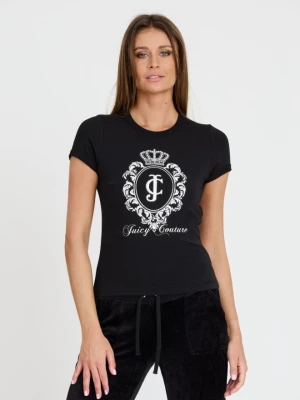 JUICY COUTURE Czarny t-shirt Heritage Crest Fitted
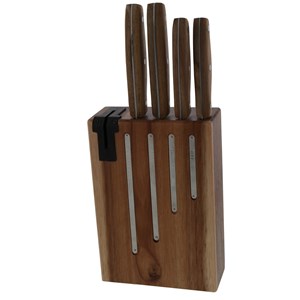 Bloc natural life avec 4 couteaux acacia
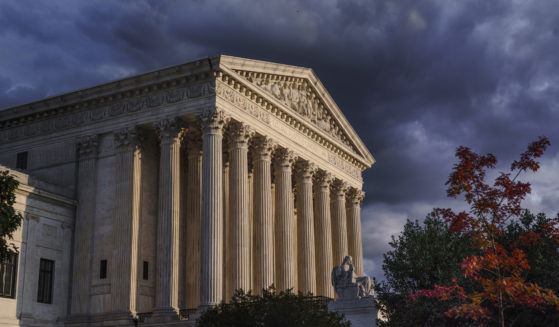 The Supreme Court is seen at dusk in Washington, Oct. 22, 2021.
------------------------
### Task to carry out
With the pictures left out, output exactly the lines that begin at the line containing "Bloc natural life avec 4 couteaux acacia" and end at the last line of the material.

### Task response
 Bloc natural life avec 4 couteaux acacia
 The Supreme Court is seen at dusk in Washington, Oct. 22, 2021.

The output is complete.